Hal itu dikatakan Kepala Seksi Penerangan Hukum [Kasi Penkum] Kejatisu Sumanggar Siagian, kepada wartawan di Medan, tersangka SHS [34] PNS pada Kantor Otoritas Bandar Udara Wilayah II Medan sebagai Ketua/Koordinator Tim Pengawas Belanja Modal pada paket pengerjaan peningkatan proyek runway.

Pemenang PT MAI, AH Direktur II

“Dalam waktu dekat ini, perkara korupsi merugikan keuangan negara itu, segera disidangkan di Pengadilan Tipikor Medan,” ujar Sumanggar.
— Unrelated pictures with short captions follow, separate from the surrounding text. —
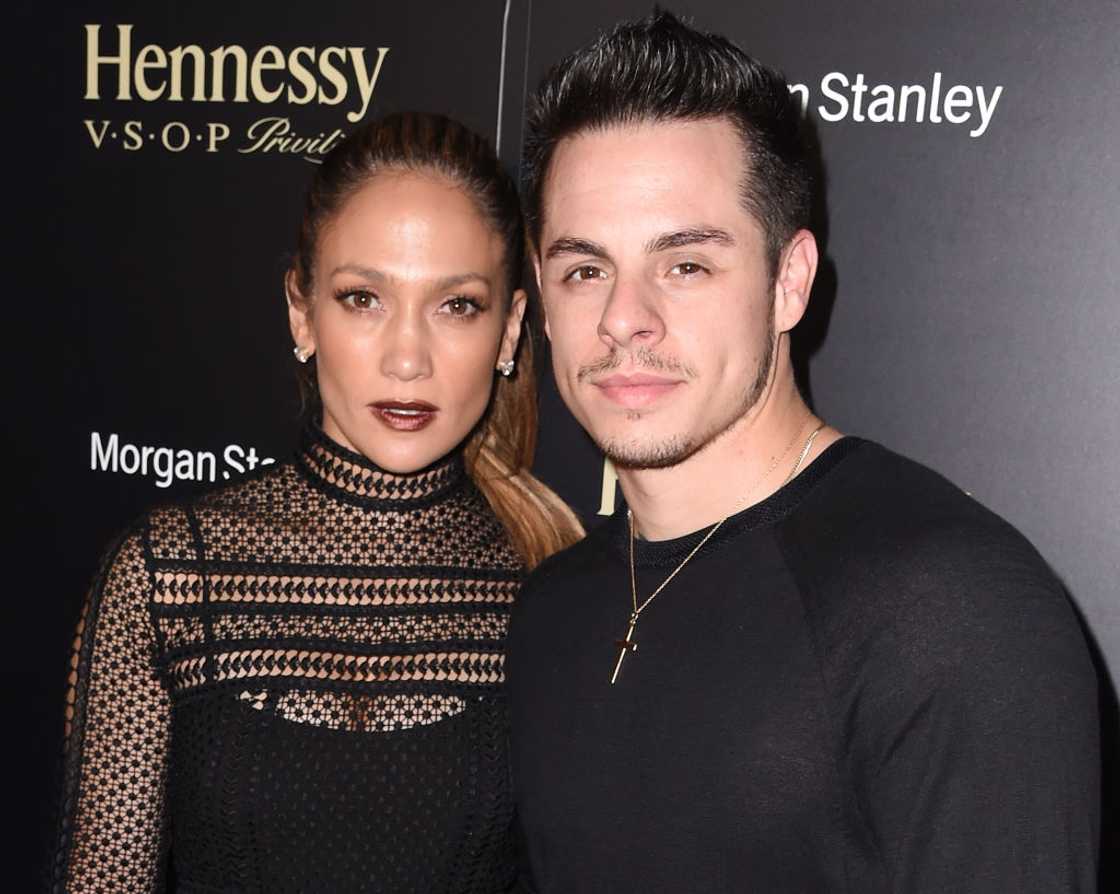 Jennifer Lopez in a black lace top beside Casper Smart in a black sweater with a cross necklace. Jennifer Lopez in a black lace top beside Casper Smart in a black sweater with a cross necklace.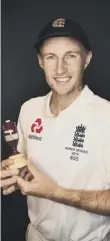  ??  ?? 0 England captain Joe Root poses with a replica Ashes urn in London yesterday.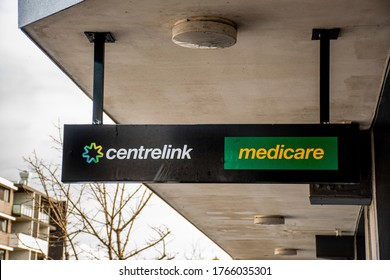 Sydney, Australia - 2019-12-24 Medicare And Centrlink Sign Outside Of A Building. Centrelink Is An Australian Government Agency That Administers Medicare And Disability Insurance Scheme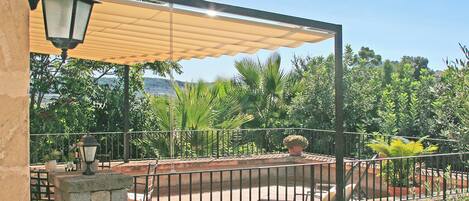 A patio area with a stone wall, metal railing, and a canopy providing shade.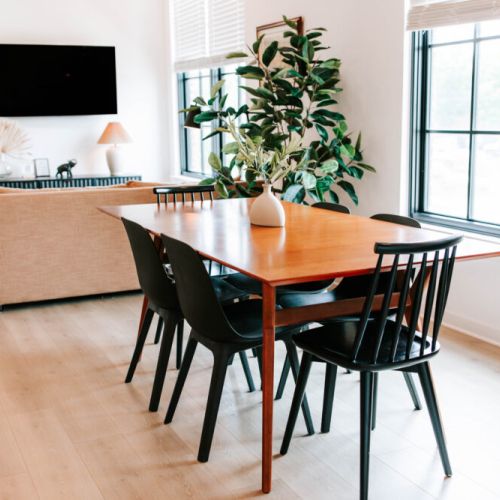You can enjoy your meals together at the large dining table (seating for six), and this area also doubles as the perfect bright spot to get some work done.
Ia menjelaskan, tersangka itu ditahan Kejati Sumut, sejak Selasa [23/10] dititipkan di Rumah Tahanan Negara [Rutan] Klas IA Tanjung Gusta Medan.

Sebelum dilakukan penahanan terhadap tersangka itu, penyidik Pidana Khusus [Pidsus] Kejatisu melakukan pemeriksaan terhadap SHS. “Selanjutnya dilakukan penandatanganan berita acara pemeriksaan [BAP] dan pemeriksaan kesehatan terhadap umanggar.

Sebelumnya, peristiwa korupsi tersebut pada tahun 2016, saat itu UPBU Lasondre, Kecamatan Pulau-Pulau Batu, Kabupaten Nisel mengadakan kegiatan pekerjaan peningkatan Pavement Classification Number [PCN] runway, taxiway, apron dengan AC-hotmix termasuk marking volume 45.608 meter persegi dengan anggaran senilai Rp27 miliar bersumber dari APBN Kementerian Perhubungan.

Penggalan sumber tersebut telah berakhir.